Desde entonces, la ginebra se popularizó no sólo en Holanda sino que llegó a Inglaterra ya como bebida espirituosa, no medicinal. Hasta la actualidad se prepara a partir de la destilación de los cereales mencionados anteriormente. Luego, este aguardiente se mezcla con bayas de enebro y algunas otras especias como anís, cardamomo, hinojo o cáscara de naranja. Cada marca tiene su receta secreta para su elaboración. Algunas le añaden jarabe al finalizar el proceso, de manera que el producto tenga ese apreciado ataque dulce.

La Ginebra – Gin tonic y especias

La ginebra y sus tipos

  • Genever – Jenever: De origen Holandés. Se elabora, mínimo, con 30% de destilado de cebada y puede aromatizarse con hierbas, además de enebro.
  • Corenwyn: Es una Jenever elaborada a partir de tres partes iguales de centeno, cebada y maíz. Puede macerarse con otros frutos, además del enebro.

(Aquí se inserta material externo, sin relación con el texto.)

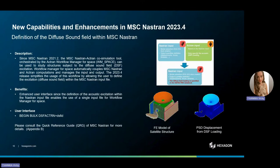In our latest release, we have introduced a more user-friendly interface for defining the diffuse sound field in MSC Nastran. Since MSC Nastran 2021.2, the MSC Nastran Actran Co-Simulation tool managed by the Workflow Manager for Space has enabled the study of structures under diffuse sound field excitation. The Workflow Manager for Space automates the coupling of MSC Nastran and Actran computations, efficiently managing inputs and outputs. Now in this 2023.4 release, we further streamlined this process by allowing users to easily define the excitation directly within the MSC Nastran input file, facilitating the use of a single input file for Workflow Manager for Space. The whole Actran excitation can now be defined within MSC Nastran using the bulk data entry DSF-Actran.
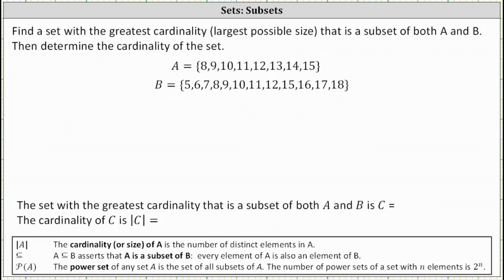Let's begin by reviewing the definition of a subset. If A is a subset of B, then every element of A is also an element of B. So in our case, let's say we're looking for set C. We want set C to be a subset of A and a subset of B, meaning every element in set C is in set A and also in set B.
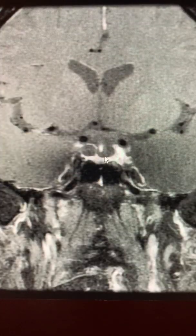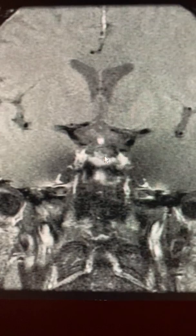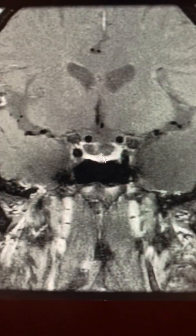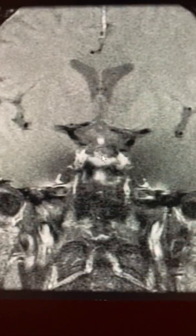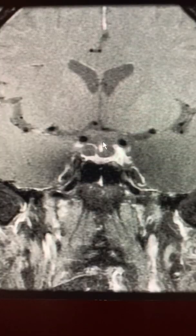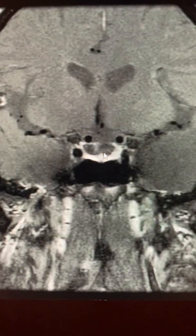Here's the pituitary gland, very small. This grayness here and there is all spinal fluid, and we see the same gray in the sella. There's a little bright signal here. Follow that and you can see that little bright signal is actually the pituitary stalk. So we have the optic chiasm here and the pituitary stalk coming down along the side of the cystic lesion.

  • London Dry Gin: Es la ginebra típica londinense. Elaborada a partir de cebada malteada, maíz y centeno. De ello se obtiene un alcohol muy rectificado hasta una tercera destilación con las bayas de enebro.

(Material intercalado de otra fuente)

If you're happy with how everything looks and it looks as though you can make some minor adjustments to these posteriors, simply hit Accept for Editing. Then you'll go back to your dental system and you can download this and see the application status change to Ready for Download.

  • Plymouth Gin: Elaborada al mismo estilo de la London, sólo que con denominación de origen de Plymouth, Inglaterra. Más espesa y aromática que la London Gin.
  • Sloe Gin: Elaborada al mismo estilo que la London Gin, aunque su maceración se realiza con endrinas y otros frutos.
  • Steinhager – Walchlder: De origen alemán. Se elabora guardando el estilo tradicional Jenever.
  • Old Tom Gin: Ginebra azucarada. Muy utilizada en coctelería.